I am actually missing one myself so I'll make one this morning.  Here's what I would do.  

Find a 4-40 nut and a 4-40 screw x 1/2 or longer.  Cut the head off, thread the nut on, and mount the screw in the tailstock chuck .  Use the chuck to hold the nut while you mount it in the headstock chuck. This ensures that the screw threads are aligned with the spindle.   Loosen the tailstock chuck and remove the 4-40 stud.  Drill .136" and tap 8-32.  The whole operation will only take a few minutes.

Bob


----------



## Azbrewer (Dec 3, 2015)

I had ordered 6-32 and now await the 8-32 I ordered yesterday. For 5 bucks total, I will have 96 spare #6's and 100 #8's.


----------



## RJSakowski (Dec 3, 2015)

Azbrewer said:


> I had ordered 6-32 and now await the 8-32 I ordered yesterday. For 5 bucks total, I will have 96 spare #6's and 100 #8's.

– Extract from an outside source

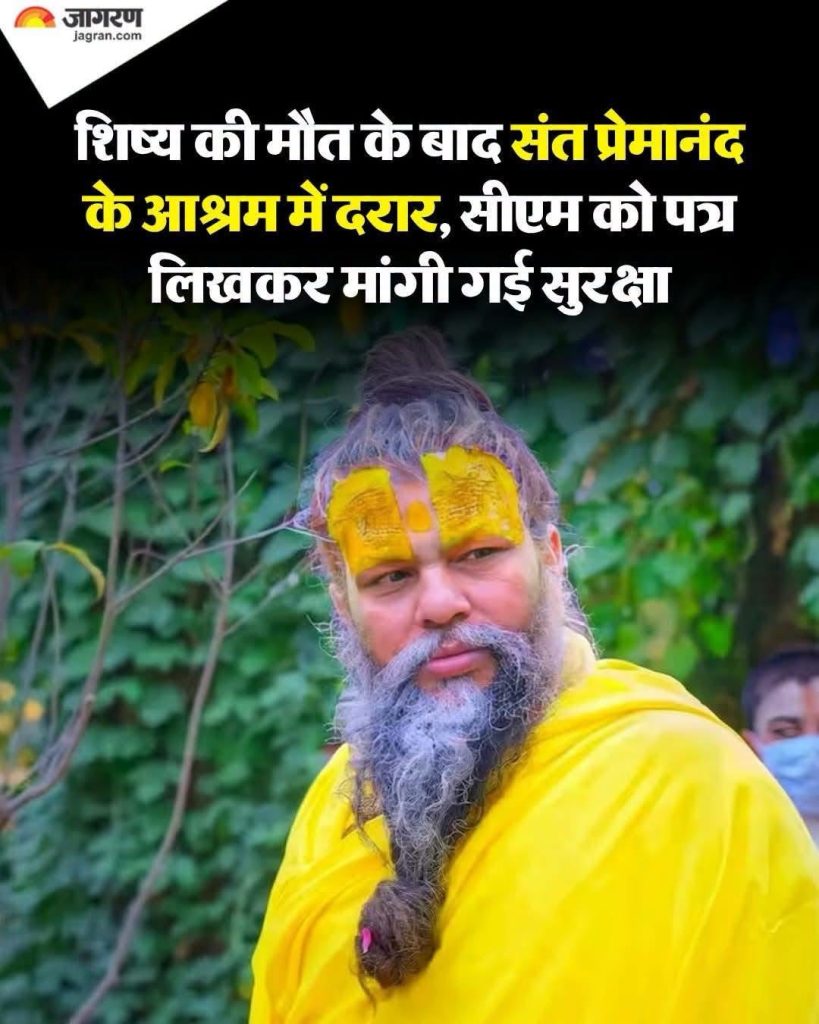 Bearded man in bright yellow robe with yellow forehead tilak, standing outdoors among greenery; appears to be a spiritual ascetic.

OK.   I finished mine and made three extras to send to you  

It took less than a minute each.  I change the procedure slightly and just used a 4-40 tap to position the nut.  Saved one step that way.

Bob


----------



## Azbrewer (Dec 3, 2015)

While waiting for the nuts, got the Start/Stop control done. Using a Attiny85 to output PMW to treadmill controller for variable speed, another Attiny85 for Start/Stop, still designing how/where I can get a tach signal for RPM display which will be in between switches and rheostat. Want to read spindle speed directly so no need to convert back gears rpm or worry about belt slippage.


----------



## Azbrewer (Dec 4, 2015)

RJSakowski, thanks for the offer, however I should be getting a pack of 100 later on today.


----------